Dans la continuité de mon dernier post sur « L’angle mort de l’intelligence collective », j’aimerais en aborder un autre : celui de la qualité de l’information que nous traitons.
Nous vivons une époque étrange. Nous sommes inondés de Fake News, et notre réflexe collectif est de crier : « Quelles sont tes sources ? ».
Le problème ? À l’ère de la défiance généralisée, la source ne fait plus foi. Si l’information déplaît, la source est disqualifiée.

Le combat du « Fact-Checking » (vérifier chaque info une par une), certes important et héroïque, est devenu un combat de Sisyphe. C’est le colibri contre l’incendie.
-> Aujourd’hui, on passe notre temps à nous montrer un « poisson pourri » (la Fake News) en nous disant de ne pas le manger. C’est utile, mais insuffisant face au volume croissant. L’urgence n’est plus de trier les poissons dans l’océan. L’urgence est d’apprendre à tisser le filet pour qu’il n’attrape que les poissons sains.
Ce filet, ce sont nos cerveaux et leurs biais cognitifs.

Comme je le résume dans le tableau ci-dessus, il est temps d’opérer un pivot méthodologique important dans nos démarches collaboratives et gouvernances associées : passer du rôle de « Fact-Checker » à celui de « Bias-Checker ».
Regardez la différence de posture :
HIER : Le Fact-Checker (Approche externe)
. Son focus : la source (la crédibilité du messager).
. Son combat : la fausseté de l’information.
. Sa limite : la défiance. Plus personne ne croit les arbitres de la vérité.
. Sa valeur ajoutée : corriger une erreur factuelle ponctuelle. C’est nécessaire, mais c’est du « curatif ».
DEMAIN : Le Bias-Checker (Approche interne)
. Son focus : notre cerveau (le filtre du récepteur).
. Son combat : la fragilité de notre jugement.
. Sa limite : l’inconfort. Il oblige à l’introspection (« Pourquoi ai-je envie de croire ça ? »).
. Sa valeur ajoutée : détecter et révéler les biais structurels (confirmation, effet de groupe, etc.) qui contaminent la décision à la racine. C’est du « préventif ».
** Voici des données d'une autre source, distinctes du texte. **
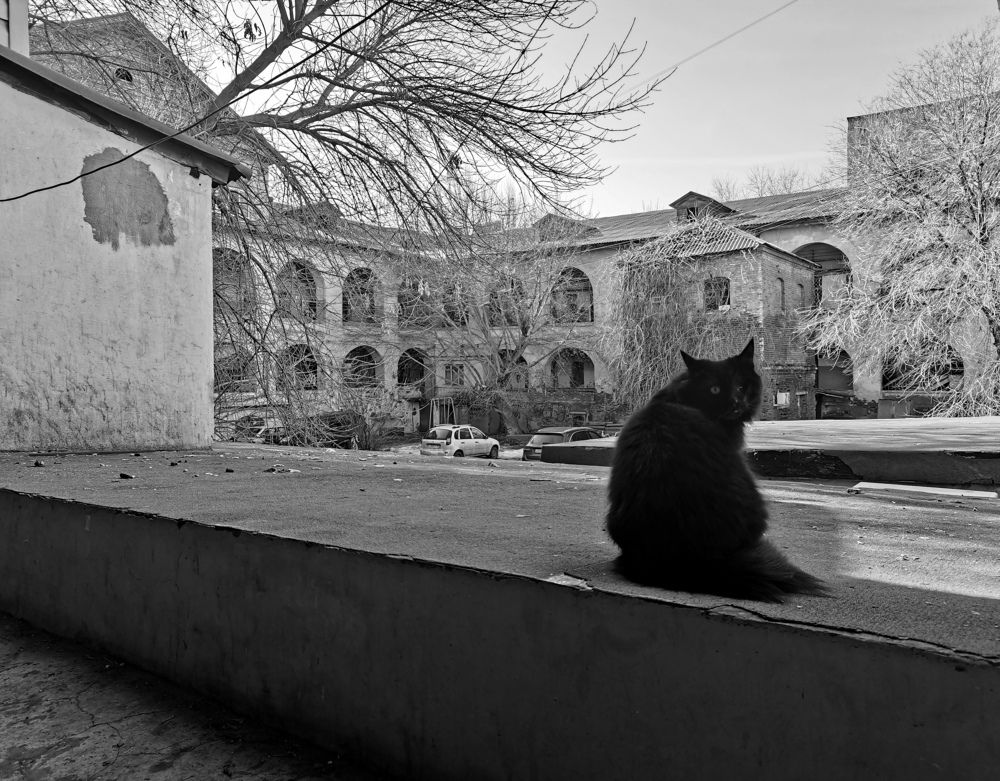 Photograph by Диана Арье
Dans vos prochaines démarches d’innovation participative ou vos dialogues avec vos parties prenantes, ne vous demandez plus seulement si les données sont « vraies ». Demandez-vous à travers quels filtres déformants votre collectif est en train de les regarder.
Arrêtons de vouloir réparer la digue qui fuit. Adaptons les mailles du filet.